Start of Block

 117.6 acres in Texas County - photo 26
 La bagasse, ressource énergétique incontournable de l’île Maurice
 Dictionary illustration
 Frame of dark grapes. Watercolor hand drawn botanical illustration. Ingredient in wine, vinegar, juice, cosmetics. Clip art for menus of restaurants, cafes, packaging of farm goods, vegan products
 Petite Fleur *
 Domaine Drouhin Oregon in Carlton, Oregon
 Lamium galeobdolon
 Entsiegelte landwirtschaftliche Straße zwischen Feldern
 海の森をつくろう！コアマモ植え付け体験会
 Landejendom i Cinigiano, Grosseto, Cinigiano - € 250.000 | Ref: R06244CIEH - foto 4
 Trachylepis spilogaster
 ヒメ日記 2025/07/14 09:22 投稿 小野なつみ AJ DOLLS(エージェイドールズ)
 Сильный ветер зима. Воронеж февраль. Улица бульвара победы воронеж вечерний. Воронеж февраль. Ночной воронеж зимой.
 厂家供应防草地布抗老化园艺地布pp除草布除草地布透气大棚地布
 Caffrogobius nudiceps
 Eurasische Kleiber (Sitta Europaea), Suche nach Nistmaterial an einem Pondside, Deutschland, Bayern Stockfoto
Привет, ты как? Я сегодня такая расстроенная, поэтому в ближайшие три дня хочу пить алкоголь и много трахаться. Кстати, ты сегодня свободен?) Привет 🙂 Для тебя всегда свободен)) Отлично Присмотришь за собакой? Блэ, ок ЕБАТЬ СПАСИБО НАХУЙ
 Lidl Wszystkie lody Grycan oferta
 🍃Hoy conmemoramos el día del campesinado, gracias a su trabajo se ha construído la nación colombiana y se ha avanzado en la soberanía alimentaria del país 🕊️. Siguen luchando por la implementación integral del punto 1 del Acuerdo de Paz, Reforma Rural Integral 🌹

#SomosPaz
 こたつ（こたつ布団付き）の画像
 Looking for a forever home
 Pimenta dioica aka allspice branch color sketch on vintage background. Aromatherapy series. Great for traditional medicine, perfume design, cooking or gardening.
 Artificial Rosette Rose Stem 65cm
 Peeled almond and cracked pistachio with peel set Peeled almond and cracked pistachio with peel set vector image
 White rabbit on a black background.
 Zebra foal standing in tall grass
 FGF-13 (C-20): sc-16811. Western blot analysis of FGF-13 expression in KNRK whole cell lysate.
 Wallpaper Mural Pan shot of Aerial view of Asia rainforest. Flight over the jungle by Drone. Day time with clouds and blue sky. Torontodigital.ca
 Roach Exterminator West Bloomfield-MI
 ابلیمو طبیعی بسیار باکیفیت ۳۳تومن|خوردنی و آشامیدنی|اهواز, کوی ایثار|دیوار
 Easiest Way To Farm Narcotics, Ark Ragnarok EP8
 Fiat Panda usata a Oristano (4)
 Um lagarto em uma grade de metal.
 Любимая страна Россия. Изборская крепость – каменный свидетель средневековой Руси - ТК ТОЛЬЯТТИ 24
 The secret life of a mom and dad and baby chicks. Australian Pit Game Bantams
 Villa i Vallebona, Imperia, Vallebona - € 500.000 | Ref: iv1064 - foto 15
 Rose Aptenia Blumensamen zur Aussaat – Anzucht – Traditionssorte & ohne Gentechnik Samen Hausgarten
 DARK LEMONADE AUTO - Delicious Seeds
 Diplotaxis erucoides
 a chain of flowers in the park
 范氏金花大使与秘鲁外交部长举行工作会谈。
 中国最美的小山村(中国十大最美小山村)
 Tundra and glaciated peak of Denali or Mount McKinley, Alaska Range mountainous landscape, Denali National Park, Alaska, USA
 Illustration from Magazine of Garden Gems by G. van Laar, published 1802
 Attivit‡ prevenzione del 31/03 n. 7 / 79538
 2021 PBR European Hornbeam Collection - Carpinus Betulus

End of Block

TASK: Set all the data down again, exactly as it reads above.

EXERCISE SOLUTION:
 117.6 acres in Texas County - photo 26
 La bagasse, ressource énergétique incontournable de l’île Maurice
 Dictionary illustration
 Frame of dark grapes. Watercolor hand drawn botanical illustration. Ingredient in wine, vinegar, juice, cosmetics. Clip art for menus of restaurants, cafes, packaging of farm goods, vegan products
 Petite Fleur *
 Domaine Drouhin Oregon in Carlton, Oregon
 Lamium galeobdolon
 Entsiegelte landwirtschaftliche Straße zwischen Feldern
 海の森をつくろう！コアマモ植え付け体験会
 Landejendom i Cinigiano, Grosseto, Cinigiano - € 250.000 | Ref: R06244CIEH - foto 4
 Trachylepis spilogaster
 ヒメ日記 2025/07/14 09:22 投稿 小野なつみ AJ DOLLS(エージェイドールズ)
 Сильный ветер зима. Воронеж февраль. Улица бульвара победы воронеж вечерний. Воронеж февраль. Ночной воронеж зимой.
 厂家供应防草地布抗老化园艺地布pp除草布除草地布透气大棚地布
 Caffrogobius nudiceps
 Eurasische Kleiber (Sitta Europaea), Suche nach Nistmaterial an einem Pondside, Deutschland, Bayern Stockfoto
Привет, ты как? Я сегодня такая расстроенная, поэтому в ближайшие три дня хочу пить алкоголь и много трахаться. Кстати, ты сегодня свободен?) Привет 🙂 Для тебя всегда свободен)) Отлично Присмотришь за собакой? Блэ, ок ЕБАТЬ СПАСИБО НАХУЙ
 Lidl Wszystkie lody Grycan oferta
 🍃Hoy conmemoramos el día del campesinado, gracias a su trabajo se ha construído la nación colombiana y se ha avanzado en la soberanía alimentaria del país 🕊️. Siguen luchando por la implementación integral del punto 1 del Acuerdo de Paz, Reforma Rural Integral 🌹

#SomosPaz
 こたつ（こたつ布団付き）の画像
 Looking for a forever home
 Pimenta dioica aka allspice branch color sketch on vintage background. Aromatherapy series. Great for traditional medicine, perfume design, cooking or gardening.
 Artificial Rosette Rose Stem 65cm
 Peeled almond and cracked pistachio with peel set Peeled almond and cracked pistachio with peel set vector image
 White rabbit on a black background.
 Zebra foal standing in tall grass
 FGF-13 (C-20): sc-16811. Western blot analysis of FGF-13 expression in KNRK whole cell lysate.
 Wallpaper Mural Pan shot of Aerial view of Asia rainforest. Flight over the jungle by Drone. Day time with clouds and blue sky. Torontodigital.ca
 Roach Exterminator West Bloomfield-MI
 ابلیمو طبیعی بسیار باکیفیت ۳۳تومن|خوردنی و آشامیدنی|اهواز, کوی ایثار|دیوار
 Easiest Way To Farm Narcotics, Ark Ragnarok EP8
 Fiat Panda usata a Oristano (4)
 Um lagarto em uma grade de metal.
 Любимая страна Россия. Изборская крепость – каменный свидетель средневековой Руси - ТК ТОЛЬЯТТИ 24
 The secret life of a mom and dad and baby chicks. Australian Pit Game Bantams
 Villa i Vallebona, Imperia, Vallebona - € 500.000 | Ref: iv1064 - foto 15
 Rose Aptenia Blumensamen zur Aussaat – Anzucht – Traditionssorte & ohne Gentechnik Samen Hausgarten
 DARK LEMONADE AUTO - Delicious Seeds
 Diplotaxis erucoides
 a chain of flowers in the park
 范氏金花大使与秘鲁外交部长举行工作会谈。
 中国最美的小山村(中国十大最美小山村)
 Tundra and glaciated peak of Denali or Mount McKinley, Alaska Range mountainous landscape, Denali National Park, Alaska, USA
 Illustration from Magazine of Garden Gems by G. van Laar, published 1802
 Attivit‡ prevenzione del 31/03 n. 7 / 79538
 2021 PBR European Hornbeam Collection - Carpinus Betulus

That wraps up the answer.